CHAPTER ONE

Cochon

 

The airport at Nome isn’t an airport at all. It’s a hangar at the end of a long concrete pad. In summer the sun shines all the time. Twenty-four hours a day. There is no luggage claim. They put everything in one big pile, and then open the doors and let everyone at it. Like Bermuda was in the old days. You fly into Nome when the weather clears. Summer is a lot of fog and mixed rainy coldness. I flew in at three a.m. in the morning. Yet it seemed like noon. The constant light has a really strange effect on the human body, and I was not ready for it. You don’t get tired. Or, at least not at the right times and not with the right symptoms. So, once I got my single bag, I was ready to go. I hadn’t slept since crossing the border and landing in Anchorage the day before. Still, I didn’t feel in the least tired.

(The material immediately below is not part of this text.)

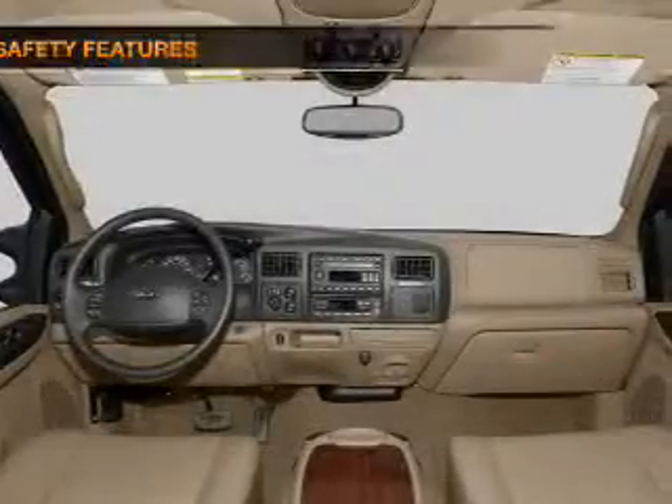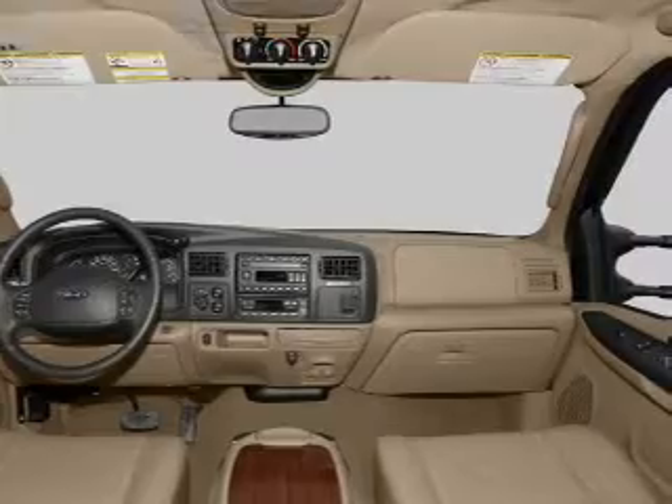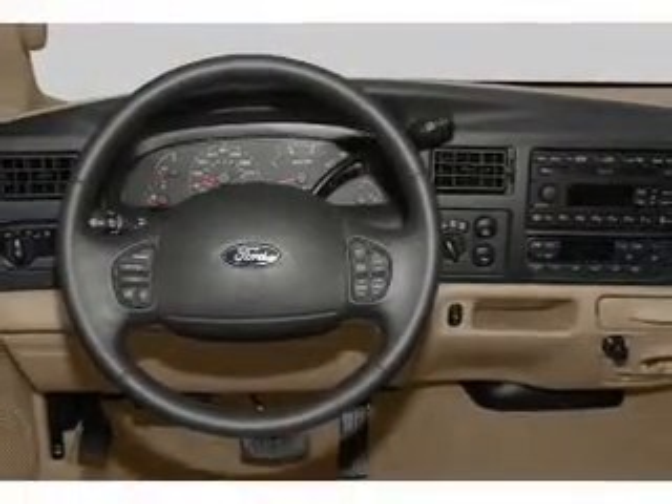And for your peace of mind, the following safety equipment is included: front ventilated disc brakes and a passenger airbag. Call today to schedule a test drive.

I took a taxi into Nome itself, which only has about a thousand homes, and maybe four times as many people. When I got out of the taxi, on Main Street, I was shocked. The town is like something out of Alice in Wonderland. For years people built homes atop the permafrost layer (that’s about four to five feet of earth, which freezes in the winter and thaws in the summer, while underneath it is always soft), so that many of the homes constructed back then have come to have a distinct lean. They tilt in every direction. Americans, like me, are used to seeing homes flat and level, at all times, so it is truly disconcerting to see homes leaning at weird angles, particularly since none of those angles are congruent with one another.

Wonderland. I had arrived in a misty cold and jumbled, Wonderland.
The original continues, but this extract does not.